To this end the author uses a variety of sources including traditional, spiritual and scientific; historical and current; visual, oral and written materials. She draws as well from her personal experience as well as from the stories and anecdotes learnt directly from both Inuit and non-Inuit northerners. She moves between the two worlds - the North and the South - writing about the dominating perception of the Arctic pristine wilderness among ‘those of use who live almost exclusively in cities’ (page 7) and for whom ‘Nature is foreign’ (page 9) and seeking to feed it with far more complex, confronting and challenging realities of life in the Arctic. It is the goal that Wright sets for herself with this volume: ‘attempt to open a door to the Arctic in the hope of providing some insight to the lives of Inuit, the impact of climate change, and the demands that Canada has made and is still making on both the people and the environment of the North’ (page 21−22).
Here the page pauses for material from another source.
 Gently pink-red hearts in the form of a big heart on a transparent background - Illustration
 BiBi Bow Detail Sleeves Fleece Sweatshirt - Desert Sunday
Whereas the author succeeds in this endeavor in the earlier, more historical chapters in the book − and many times does it with a beautiful and very engaging language − the later sections, in particular those dedicated to climate change, to this reviewer may be to some extent missing this point. In her account of silaup aulaninga (climate change) the author attempts to explain the phenomenon of climate change and bases this part on numerous scientific sources. She also goes back thousands years to offer a reader a much longer perspective of currently observed changes and combines it with insights about Inuit knowledge of climate change as well as harmful effects of global warming on indigenous populations of the north and other parts of the planet. The major reservation that this reviewer has relates, however, to the representation of science in this volume. While the author recalls extensively sources like Arctic Climate Impact Assessment, the National Oceanic and Atmospheric Administration (NOAA) and takes the challenge of getting the facts right behind the oftentimes misleading, or even entirely faulty, coverage of climate change in the media, simultaneously she writes about ‘meteorologists, who are not generally experts in anything beyond daily weather forecasting’ (page 226) and misses references to the facts and arguments presented in the section, e.g. ‘where smog over Beijing contributes to smog over Los Angeles’ (page 229) or ‘an amazingly precise body of knowledge about previous changes to global climate’ (page 200).

Furthermore, in the introductory chapter she juxtaposes science with traditional wisdom when writing: ‘We have forgotten the language of Mother Earth and the beautiful terrifying magic that is part of her and our reality. Now we call it science and think we can control it’ (page 12). In this reviewer's view such opinions may not be particularly helpful in making people more aware of the threatening reality of climate change and in efforts to bridge indigenous knowledge and scientific research to jointly offer responses to the consequences of human-induced climate change. Finally, they may not be especially useful in appeasing extremely politicised wrangles over climate change, where science is often misused as a proxy for what are primarily debates over fundamental values.

Nevertheless, even if some readers do not find themselves entirely at ease with the way Wright writes about the science, this point certainly should not overshadow the overall value of the book. Our ice is vanishing can be highly commended to the broad audience not well familiar with the realities and inherent complexities of life mostly in the Canadian Arctic, both historical and the ones of today. Wright takes her readers for a long and often fascinating journey through the centuries of life in the North. She neither hides her admiration for the resilience and perseverance of the Inuit people nor passion for making and defending their case. Seeing the generally low level of understanding of the North in the South of Canada (cf. Gordon Foundation 2015), such voices are certainly very much needed and Wright's volume represents a great addition to the growing body of literature on those matters.